Première publication le 26/08/14- Mise à jour le 20/11/17

Article de BRUCE LIT

VO : Marvel

VF : Lug 

Cet article  est basé sur l’arc Crime and Punishment publié aux Etats-Unis en 1983 dans la série Spectaculaire Spider-Man 81 à 83. Cette histoire a été réeditée dans un trade paperback du même nom (mais sans le jugement du Punisher !)

Les origines du Punisher,  tout le monde les connaît. Un brave père de famille, ancien militaire,  emmène sa famille dans un pique nique à Central Park. Pris au milieu d’un règlement de comptes mafieux, Frank Castle voit périr sous ses yeux impuissants sa femme et ses deux enfants. Révolté et traumatisé, il endosse l’habit du Punisher, un justicier urbain qui va corriger par balles les déviances de New-York.

Garth Ennis puis Jason Aaron sont par la suite revenus en subtilité sur le massacre de Central Park, mais pendant longtemps cette histoire a tenu lieu d’origines canoniques du personnage.

Une histoire rééditée dans ce trade©Marvel

Dans les pages de Spider-Man donc, Frank Castle s’échappe de la prison où Daredevil l’y a jeté dans No More Mr Nice Guy. Il a en tête de tuer Wilbur Fisk, le Caïd (il sera rebaptisé Wilson par la suite sans qu’on sache trop pourquoi). Il croise dans ces trois épisodes Spider-Man qui veut empêcher ce meurtre de sang froid et le duo La Cape et l’Epée qui punissent les toxicos de New-York à leurs manières.

Battu par Fisk, le Punisher est arrêté, son histoire révélée par Ben Urich pour la première fois dans une séquence lapidaire d’une page. Il était sans doute difficile en 1983 de représenter dans un Comics populaire la mort de deux enfants en plein New-York. Frank Jr et Lisa apparaissent  dans un sac mortuaire. Dommage que les scans de cette séquence n’apparaissent pas sur Internet….

Écroué, Frank Castle est jugé.  Peter Parker couvre l’événement mais reste très en retrait. La justice s’interroge sur la responsabilité pénale et se demande si Castle n’est pas un illuminé. Lorsque le verdict tombe, le Punisher craque et s’écroule. Mantlo met en scène un homme brisé qui refuse que ses actes soient considérés comme celui d’un dément. L’anti-héros sort de scène menotté. Peter Parker que l’on a connu plus compatissant envers ses vilains espère quant à lui ne jamais devenir comme Castle…

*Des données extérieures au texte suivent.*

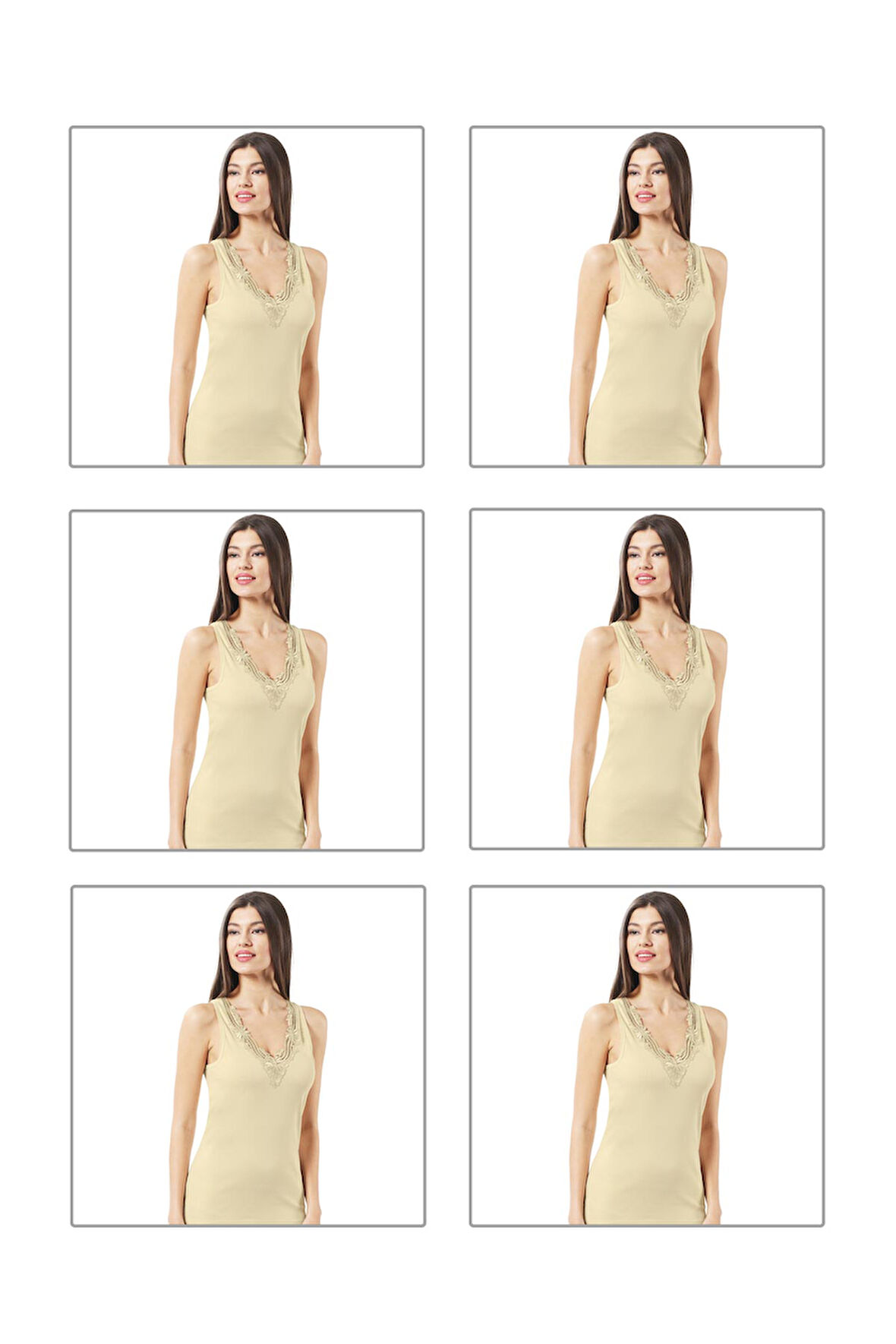 Özkan 0156 6'lı Paket  Kadın Atlet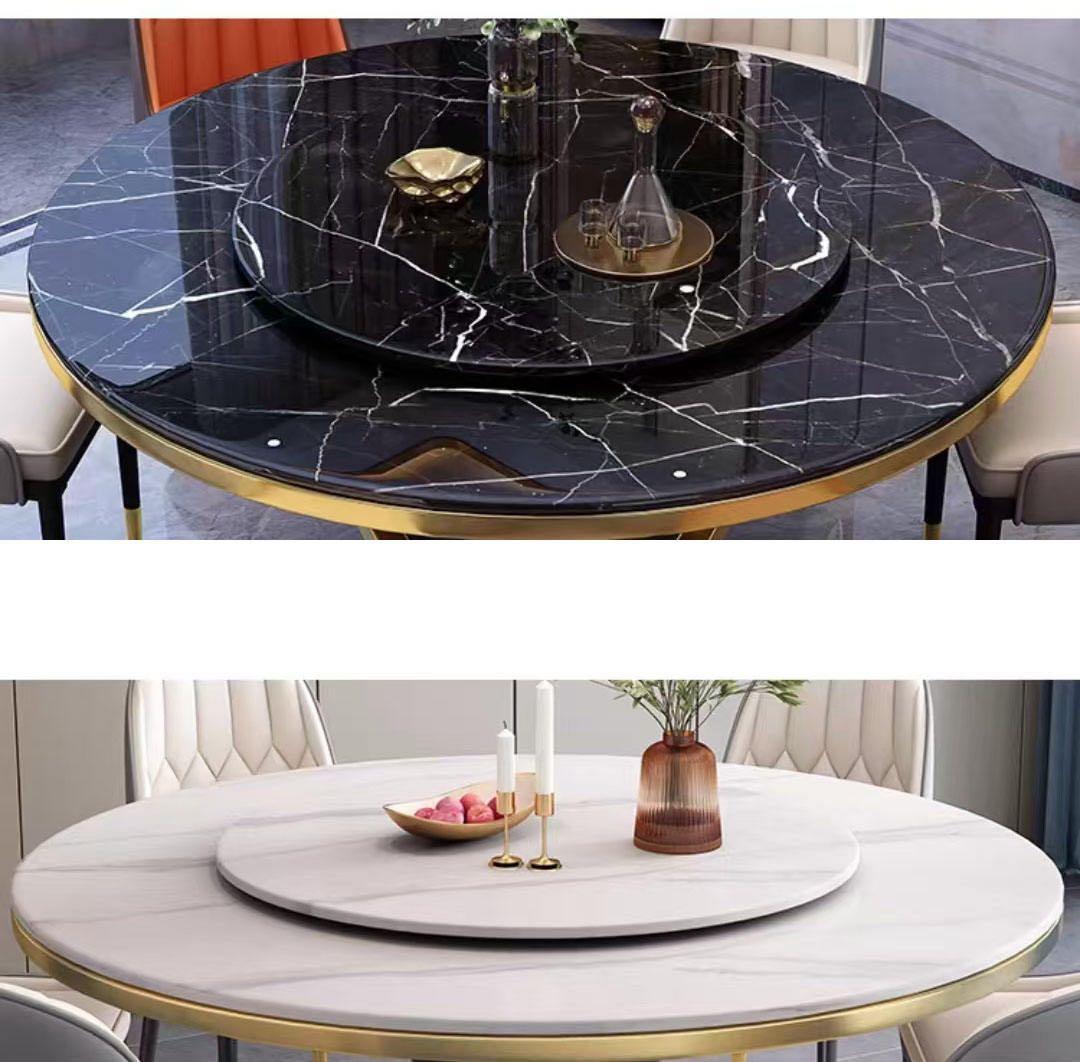 ダイニングセットテーブル150cm＋チェア6脚&ターンテーブル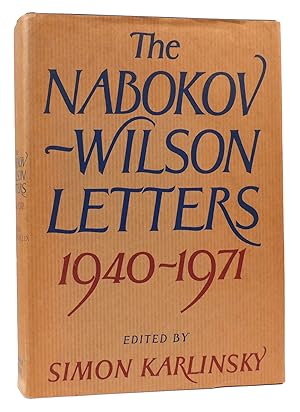 Seller image for NABOKOV-WILSON LETTERS 1940-1971 for sale by Rare Book Cellar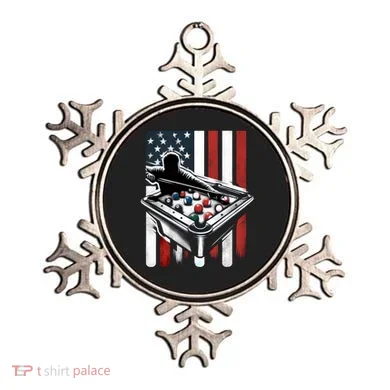 Distressed American Flag Gift Billiards Gift Ornament
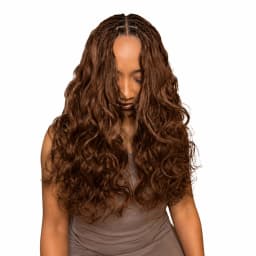 Miracle Knots #4 Chocolate Brown Body Wave Crochet Hair Extensions Pre Separated Feather Knotless Invisible Boho Braiding Hair 100% Human Hair Reusable Virgin Remy Soft Natural Wavy Easy Install For Women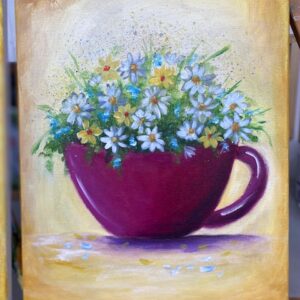 Cup of Flowers - Painting Tutorial
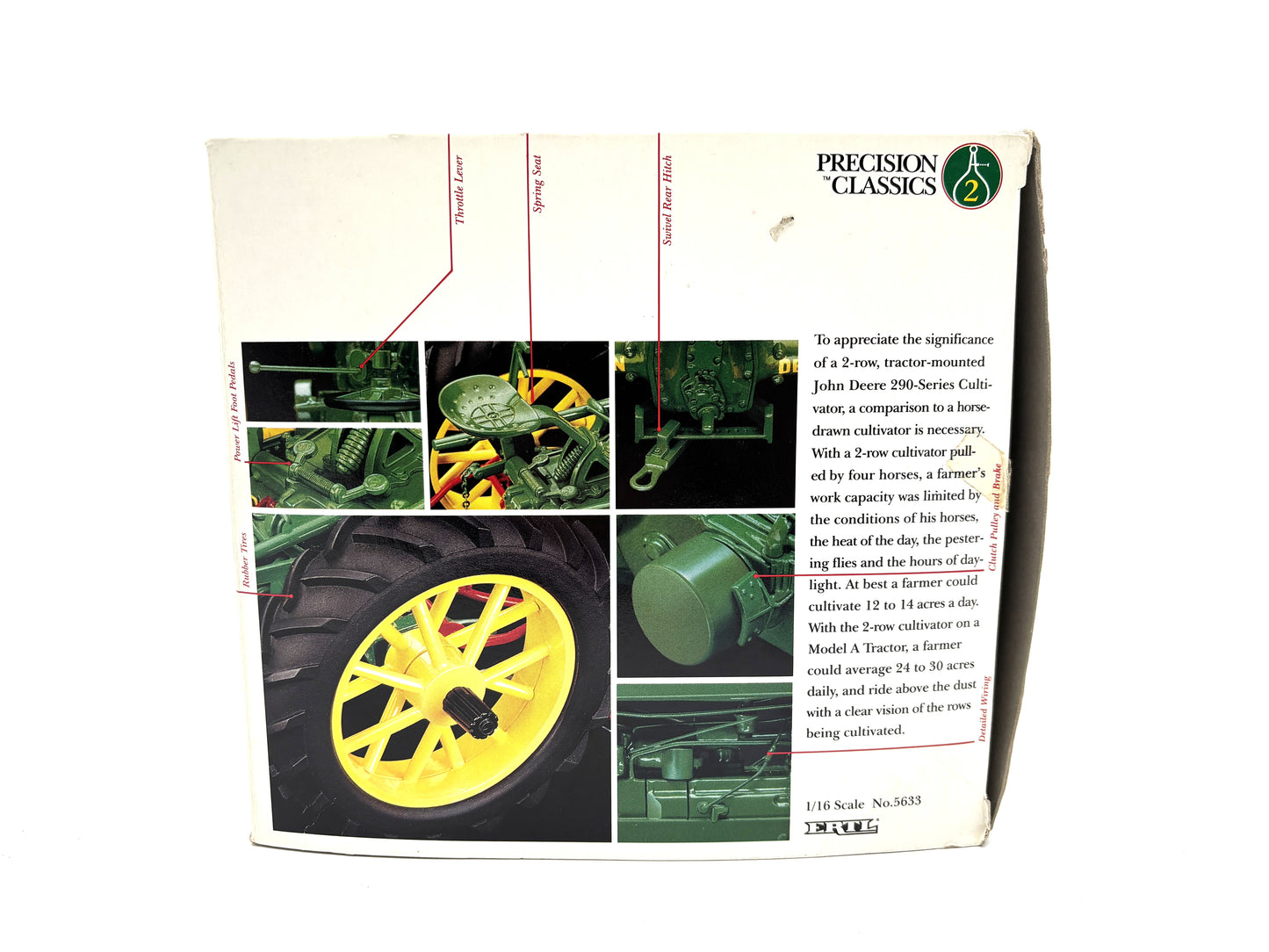 1/16 John Deere Model A with 290 Series Cultivator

Toute la mythologie tragique du personnage est bien ici retranscrite par Mantlo. Le Punisher était apparu 9 ans auparavant toujours dans les pages de l’homme araignée. Il intervenait dans des Marvel Team Up musclés qui n’en disaient pas plus sur lui. Il faudra Frank Miller pour lui donner une voix intérieure dans trois épisodes de Daredevil mémorables. Mais c’est Bill Mantlo qui s’attelle pour la première fois à la psychologie du personnage. Pour lui aucun doute Castle est fou. Pourtant, malgré toute la lourdeur qui lui est reprochée à juste titre, il écrit ici le premier Punisher moderne.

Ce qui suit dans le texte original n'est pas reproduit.